Nor can the observations on Tennyson be said to be quite just or quite
pleasant. But every age and every individual is unjust to his or its
immediate predecessor--a saying dangerous and double-edged, but true
for all that. Then he "entangles himself in the study of accents"--it
would be difficult to find any adventurer who has _not_ entangled
himself in that study--and groans over "a frightful parcel of grammar
papers," which he only just "manages in time," apparently on the very
unwholesome principle (though this was not the same batch) of doing
twenty before going to bed when he comes in from a dinner-party at
eleven o'clock. Colds, Brighton, praise from Sainte-Beuve, critical
attacks in the English papers, and (not quite unprovoked) from F.W.
Newman, reflections on the Age of Wisdom (forty), and a meeting with
Thackeray, the Laureate of that age, diversify the history agreeably.
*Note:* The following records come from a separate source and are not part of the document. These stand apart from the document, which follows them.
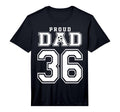 Number 36 Custom Proud Soccer T-Shirt - Fun Novelty Design for Adults - T-Shirt, Sweatshirt, Hoodie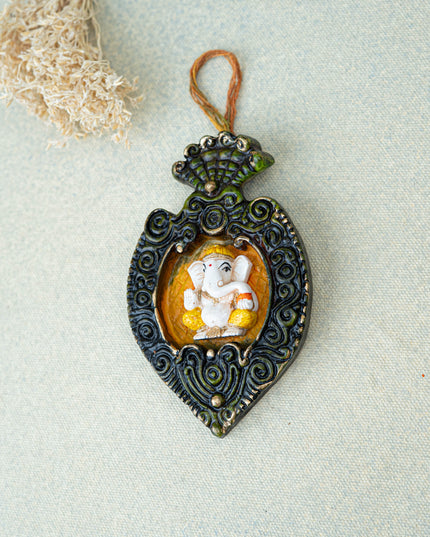 Polystone Ganesha Wall Hanging - 4 inch - WL5522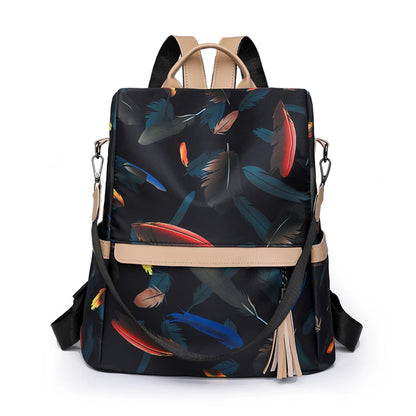Casual Women Oxford Backpack Anti-theft Bookbag College Wind Ladies Large Capacity Knapsack Handle Bag Ladies Rucksack Mochilas
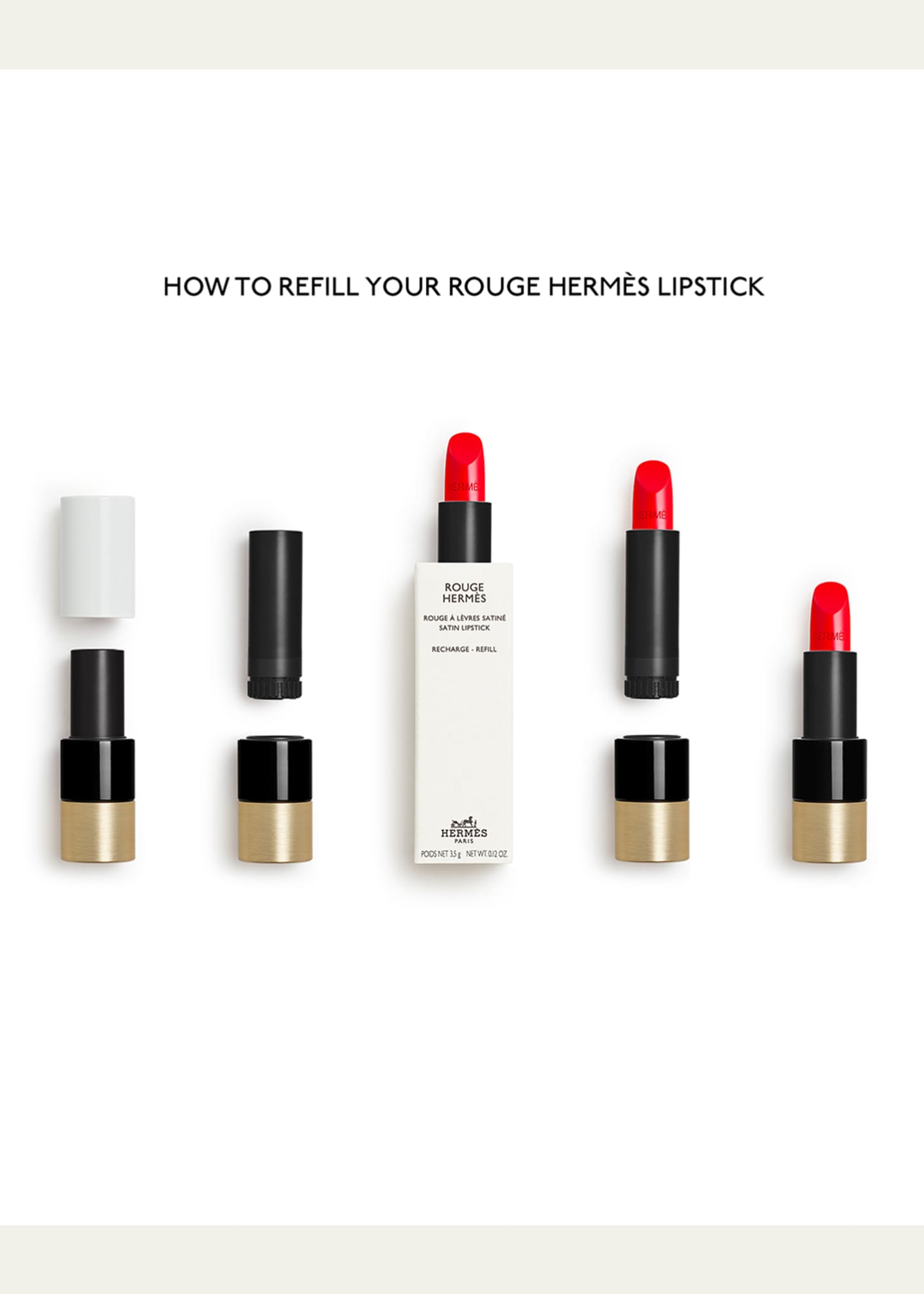Rouge Hermes, Satin lipstick, Beige Kalahari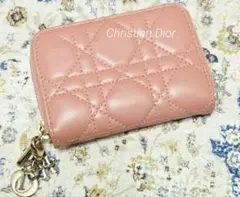 Dior 限定色キルティング ピンク コインケース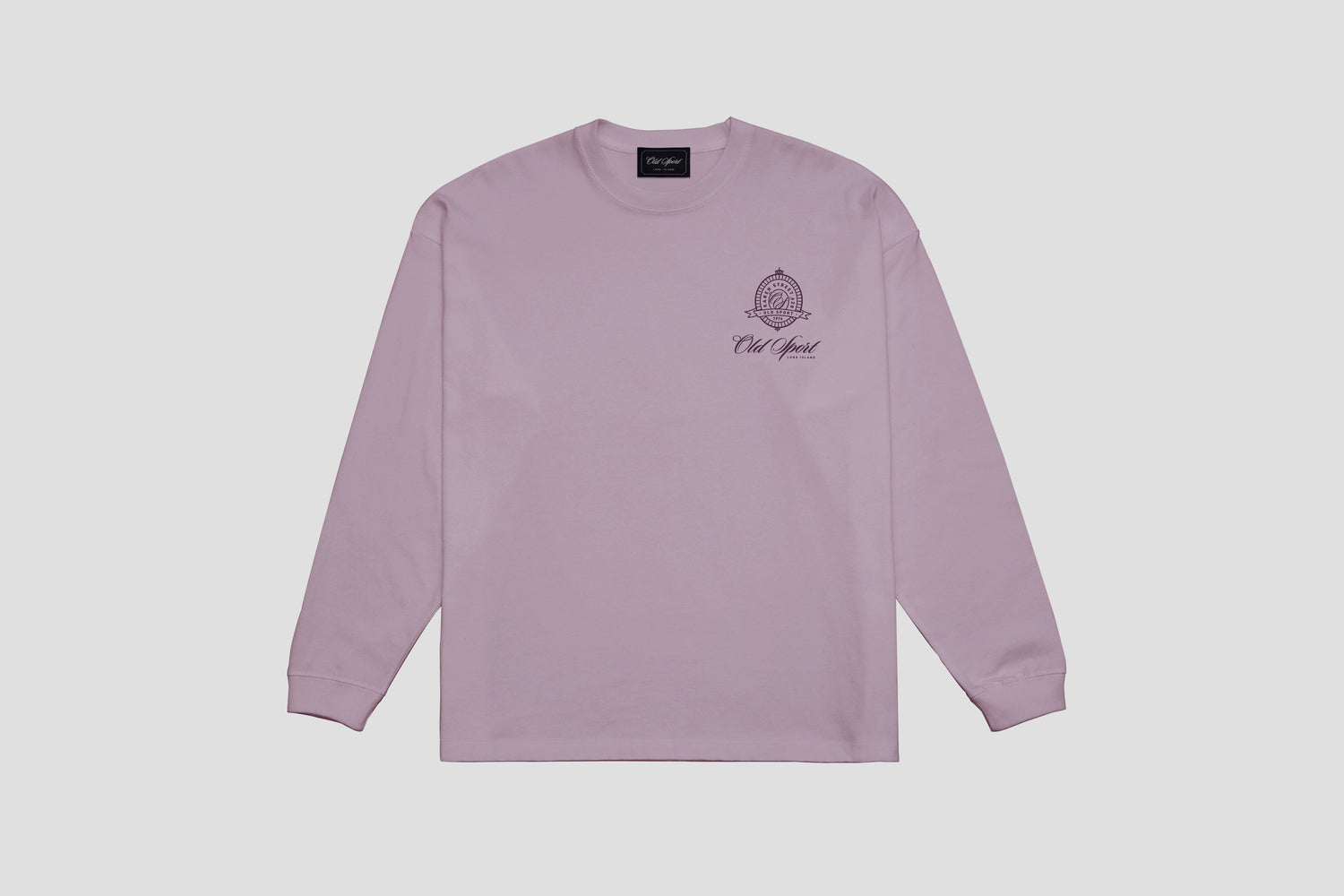 エンブレムクルーネックロンT PURPLE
Then we come to a dead, and now rather more than dull, controversy
over the Revised Code, of which we need not say much. Official
etiquette on such matters, especially in England, is very loose,
though he himself seems to have at one time thought it distantly
possible, though not likely, that he would be ejected for the part he
took. And his first five years' tenure of the Oxford Chair ends with
the delivery of the Creweian oration, as to the composition of which
he consoles himself (having heard both from the Vice-Chancellor and
others that there was to be "a great row") by reflecting that "it
doesn't much matter what he writes, as he shall not be heard." I do
not know whether the prediction was justified; but if so, the same
fate had, according to tradition, befallen his Newdigate some twenty
years earlier. In neither case can the "row" have had any personal
reference. Though his lectures were never largely attended by
undergraduates, he was always popular in Oxford.